Shopify has reintroduced restrictions on certain types of merchandise, targeting what it calls “hateful content.”

This marks a significant shift back toward censorship, though the company has avoided framing it that way.

The change comes more than a year after Shopify eliminated similar content bans in what was then seen as a move toward supporting free expression in commerce.

Recently, the company updated a help page related to its Shop app and payment system to include a ban on products promoting “hateful content, violence, gore, profanity, or offensive content.”

This revision, made sometime after May, and noticed by Bloomberg, applies specifically to the Shop sales channel.

While Shopify’s main platform-wide acceptable use policy still does not include a hateful content clause, this new rule effectively reintroduces content control through a different path.

The company had previously removed its ban on hateful content in July 2024.

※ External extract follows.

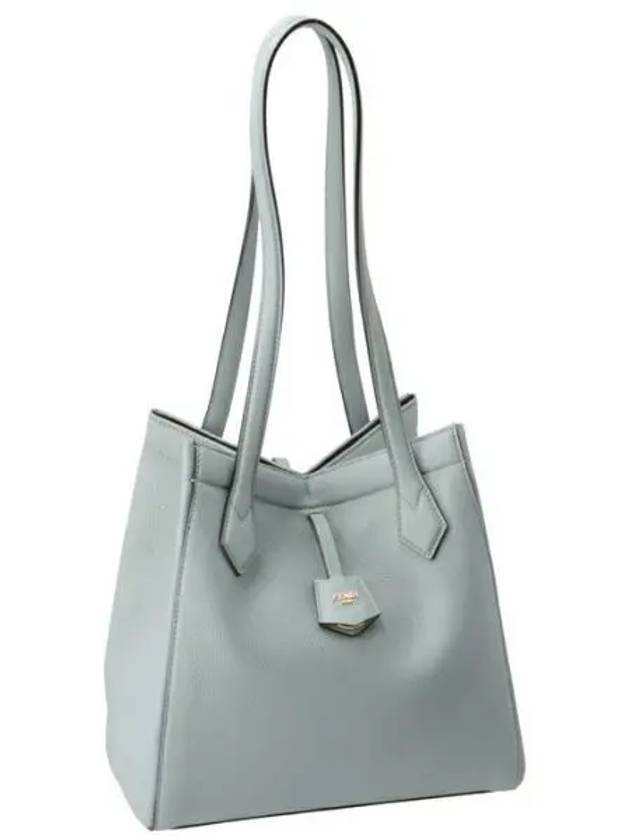 Luxury Fendi Origami Medium Leather Tote Bag Blue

That decision appeared consistent with CEO Tobi Lütke’s long-standing defense of open commerce.

In a 2017 blog post, Lütke wrote, “commerce is a powerful, underestimated form of expression.” He went on to say, “We don’t like Breitbart, but products are speech and we are pro free speech,” and added, “To kick off a merchant is to censor ideas…When we kick off a merchant, we’re asserting our own moral code as the superior one. But who gets to define that moral code?”

Rather than restoring the original company-wide policy, Shopify has now imposed restrictions within a specific tool. This segmentation allows the company to present itself as a neutral platform while still controlling what merchants can sell. In practice, it results in censorship through back-end enforcement.